The conclusions in the report, which focus on a single year-long production, run counter to industry-widereports done years ago by the Massachusetts Revenue Department suggesting more than half of the spending spawned by film tax credits flowed out of state. Castle Rock was the first series to be filmed in Massachusetts in more than 25 years, and its economic impact in Massachusetts is likely larger than movies and other productions, which have much shorter film shoots. Castle Rock operated out of New England Studios in Devens.
The Massachusetts film tax credit was launched in 2006 and is scheduled to sunset on December 31, 2022. It offers anyone shooting films, TV shows, or commercials in Massachusetts a credit equal to roughly 25 percent of whatever they spend. The credits are extremely attractive because they can be converted into cash by either selling them back to the state at 90 percent of their face value or by selling them to a corporation or individual with a large tax liability in Massachusetts.
According to the Industrial Economics report, the first season of Castle Rock filmed in Massachusetts from March 2017 to February 2018, spending $58 million and receiving $14.6 million in tax credits. Of the $58 million, the report says, $30 million went to addresses inside Massachusetts and $28 million to addresses outside the state. Based on a review of the $28 million spent outside the state, the study concludes that only $16.5 million was spent outside the state and $11.5 million was actually spent inside the state, bringing the total in-state spending to $41.5 million.
The higher in-state spending number is based on estimates of what individuals from outside Massachusetts working on the series would have spent inside the state while working here. The analysis also says many non-personnel expenditures made to addresses outside the state actually were made to in-state vendors. The report said most of those payments were made to local outlets of national retail chains and car rental companies, which had out-of-state addresses.
Using economic multipliers, the Industrial Economics report estimated the $58 spent on Castle Rock yielded a total economic impact of $69 million. The report said 1,026 full-time jobs were created by the production and spending occurred in 210 cities and towns across the state.

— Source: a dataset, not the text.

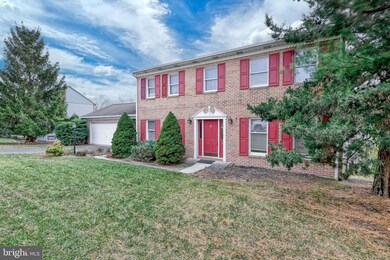 2299 N Point Dr, York, PA 17406 - photo 4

At a Zoom press conference, Chris O’Donnell, business manager of IATSE Local 481, the union representing technicians and craftspeople on film sets, said TV and movie productions plan years in advance, and may shy away from Massachusetts if the sunset date on the film tax credit is not removed. Pointing to a map showing communities in color where Castle Rock spent money, O’Donnell painted a grim picture if the sunset date is not eliminated.
“If we don’t eliminate the sunset soon, this map is going to start looking more and more white with less and less color,” he said. “Productions and producers of this content need certainty. Having this program end in two years creates more uncertainty.”
Sen. Sal DiDomenico of Everett, who supports the tax credit, said the data indicate large numbers of Massachusetts residents are benefitting from the program. He said the film tax credit is not supporting big-name actors such as Tom Cruise and Johnny Depp.
“The narrative that we’ve heard on the film tax credit is that it benefits the Hollywood elite. That’s BS,” he said.
The Industrial Economics study did not examine how the tax credit benefitted stars and directors from out of state. It only concluded that $16.5 million, or 28 percent, of the $58 million spent on Castle Rock went out of state.